– Voor de behandeling van postmenopauzale symptomen mag alleen met HRT worden begonnen bij symptomen die de kwaliteit van leven nadelig beïnvloeden. In alle gevallen moet ten minste jaarlijks een zorgvuldige afweging van de risico’s en de voordelen worden gemaakt en mag HRT alleen worden voortgezet zolang het voordeel opweegt tegen het risico.

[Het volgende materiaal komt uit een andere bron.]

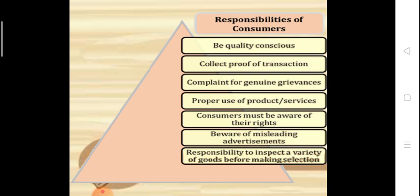Now the responsibilities of a consumer. Number one: be quality conscious — it is the responsibility of a consumer to be quality conscious and not compromise on quality. Second: collect proof of transaction — it is the responsibility of a consumer to collect proof such as a cash memo. Third: complaint for genuine grievance — if there is a genuine problem, it is the responsibility of a consumer to file a suit against the seller.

– Het bewijsmateriaal betreffende de risico’s van HRT bij de behandeling van de vervroegde menopauze is beperkt. Door het lage absolute risico bij jongere vrouwen kan de balans tussen baten en risico’s voor deze vrouwen echter gunstiger uitvallen dan bij oudere vrouwen.
Medisch onderzoek/follow-up
Voordat met HRT wordt begonnen of hervat, moet een volledige persoonlijke en familiaire medische anamnese worden afgenomen. Aan de hand hiervan en van de contra-indicaties en waarschuwingen voor het gebruik moet het lichamelijk onderzoek (inclusief het bekken- en borstonderzoek) worden uitgevoerd. Tijdens de behandeling worden periodieke controles aanbevolen met een frequentie en een aard die op de individuele vrouw zijn afgestemd. Vrouwen moeten worden geadviseerd welke veranderingen in hun borsten aan hun arts of verpleegkundige moeten worden gemeld (zie “Borstkanker” hieronder). Onderzoeken, met inbegrip van mammografie, moeten worden uitgevoerd in overeenstemming met de thans aanvaarde screeningpraktijken, aangepast aan de klinische behoeften van de individuele vrouw.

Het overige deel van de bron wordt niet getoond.